• WHAT NEEDS TO BE DONE: Would you please transcribe the data in full and exactly, excluding images?

• DATA SECTION:
********
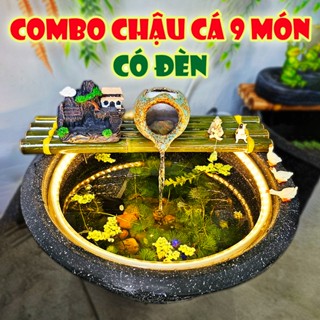  Combo Chậu Cá T48 9 món nhựa kèm đồ trang trí phên tre thác máy bơm lọc nước tiểu cảnh dành cho bể cá hòn non bộ 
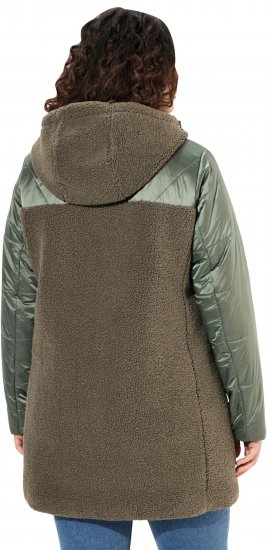 Ulla Popken Mixed Texture Fleece Quilted Jacket Olive - OBLAČILA ZA ŽENSKE 40-66 - 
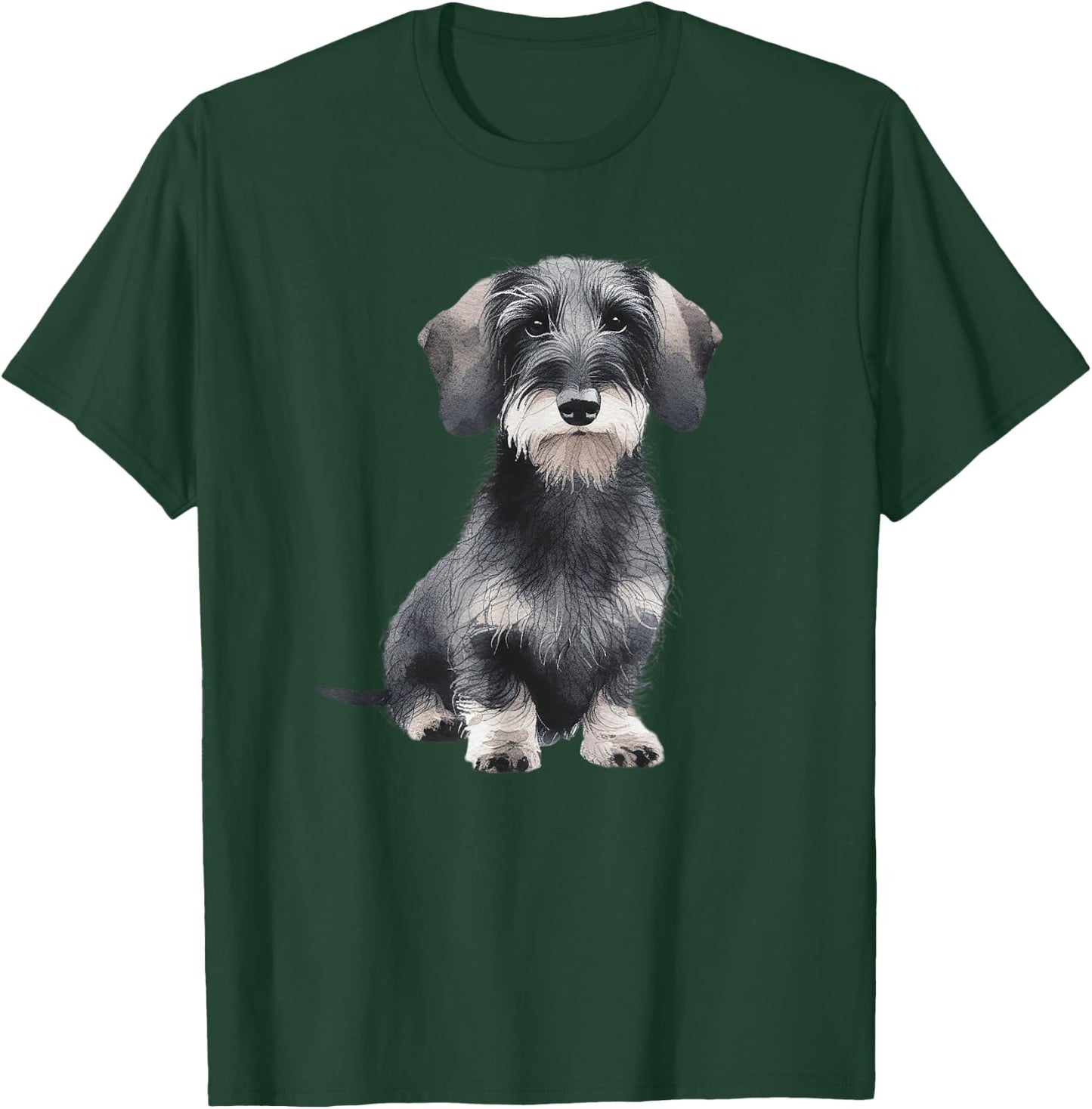 Wirehaired Dachshund Sitting Dog T-Shirt - T-Shirt | Forest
********
• ANSWER AREA:
  Combo Chậu Cá T48 9 món nhựa kèm đồ trang trí phên tre thác máy bơm lọc nước tiểu cảnh dành cho bể cá hòn non bộ 
 Ulla Popken Mixed Texture Fleece Quilted Jacket Olive - OBLAČILA ZA ŽENSKE 40-66 - 
 Wirehaired Dachshund Sitting Dog T-Shirt - T-Shirt | Forest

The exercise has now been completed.